• [SOURCE DATA]
——————

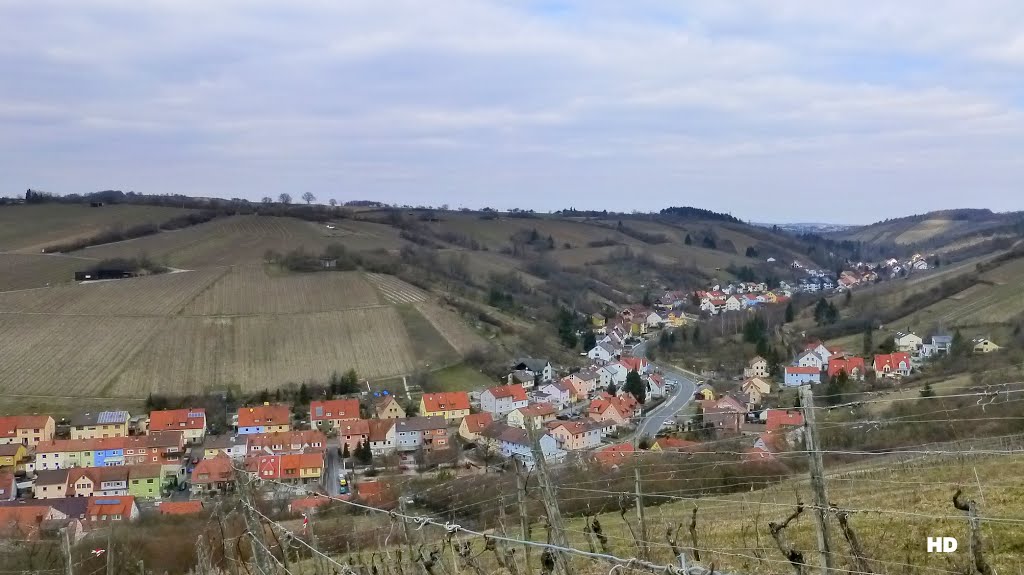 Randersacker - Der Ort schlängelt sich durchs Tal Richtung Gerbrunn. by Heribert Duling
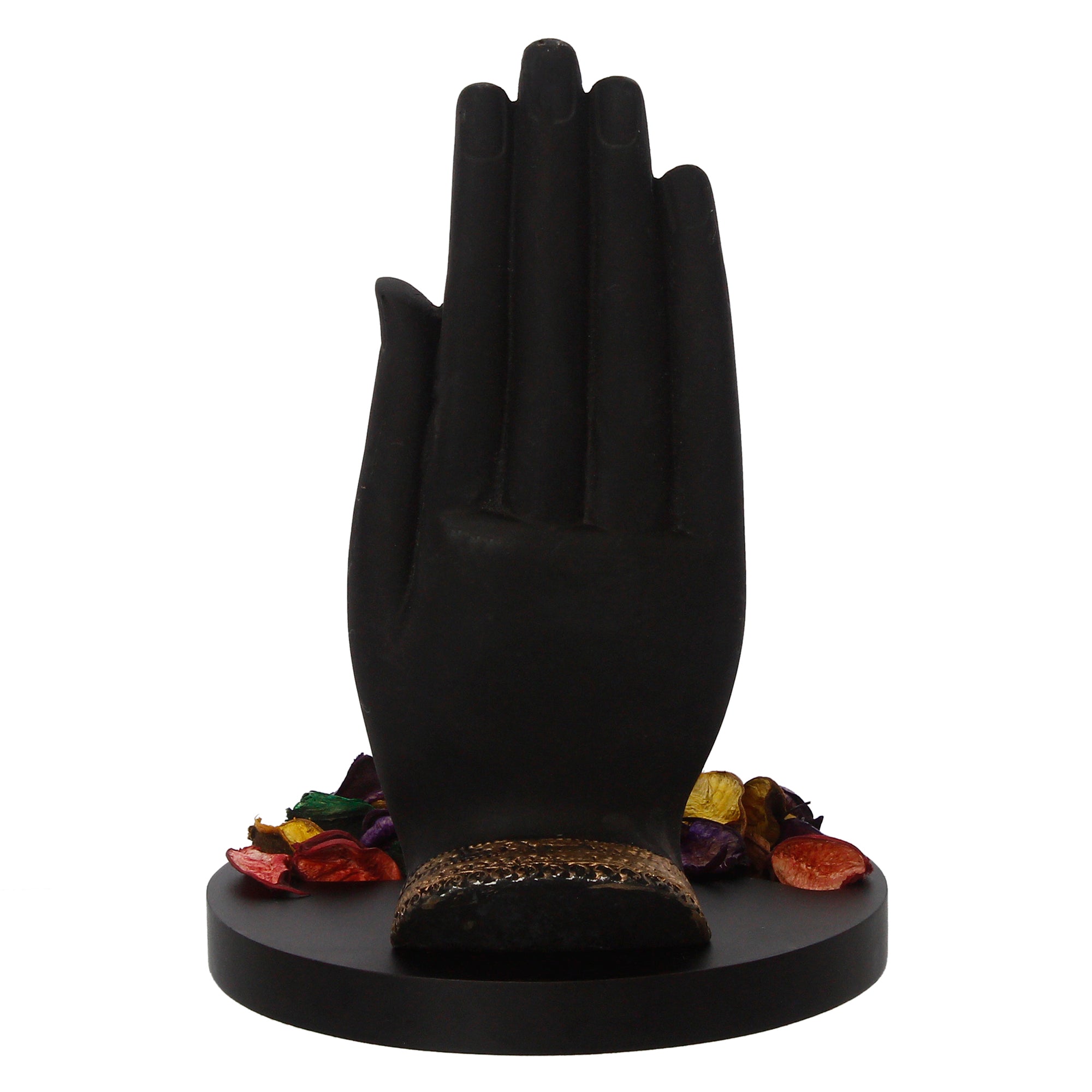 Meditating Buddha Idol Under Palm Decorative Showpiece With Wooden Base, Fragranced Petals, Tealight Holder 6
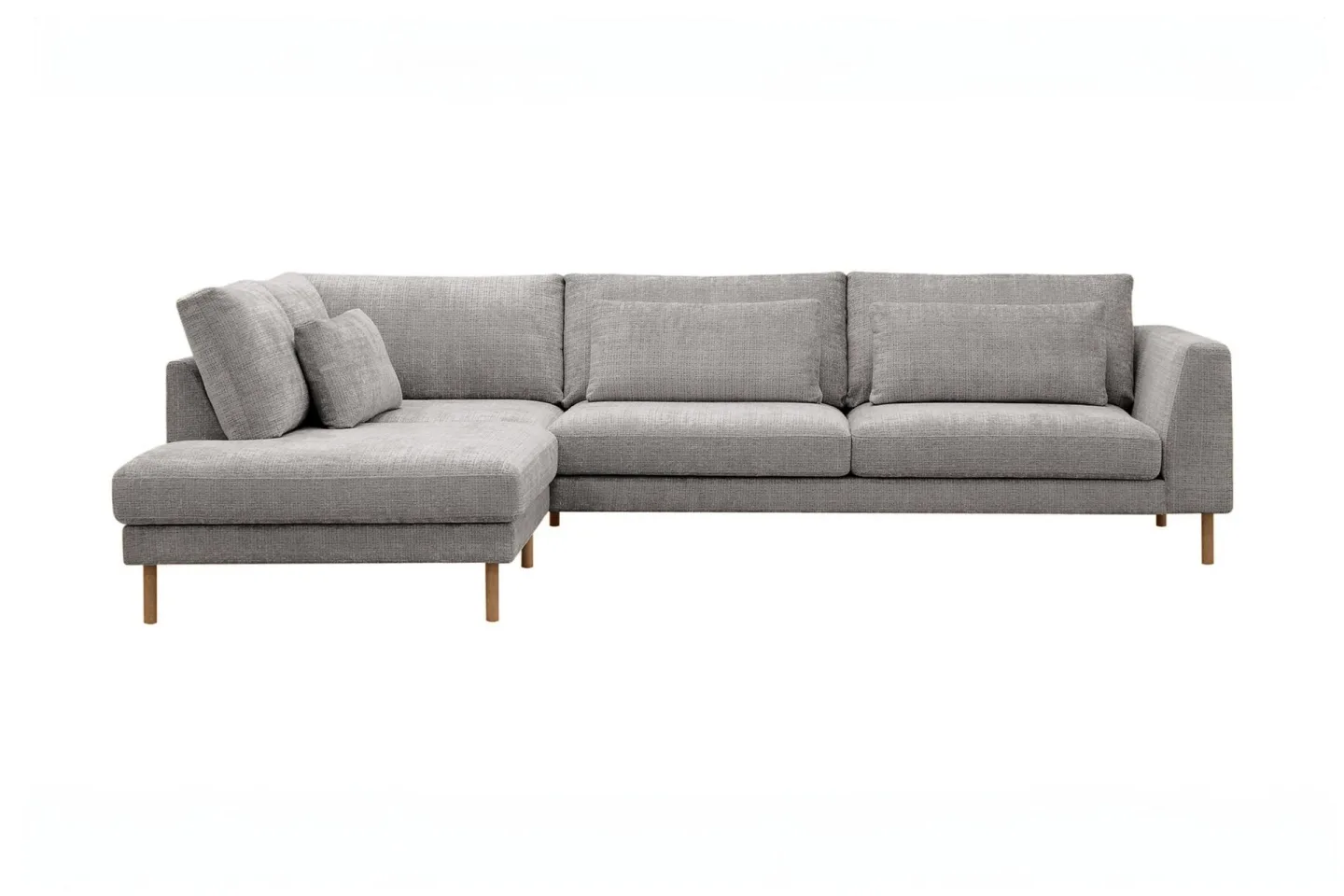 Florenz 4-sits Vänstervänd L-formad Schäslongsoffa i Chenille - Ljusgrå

——————

• [YOUR ASSIGNMENT] Exclude the images, then output the data above word for word.

• [PROBLEM SOLUTION]
 Randersacker - Der Ort schlängelt sich durchs Tal Richtung Gerbrunn. by Heribert Duling
 Meditating Buddha Idol Under Palm Decorative Showpiece With Wooden Base, Fragranced Petals, Tealight Holder 6
 Florenz 4-sits Vänstervänd L-formad Schäslongsoffa i Chenille - Ljusgrå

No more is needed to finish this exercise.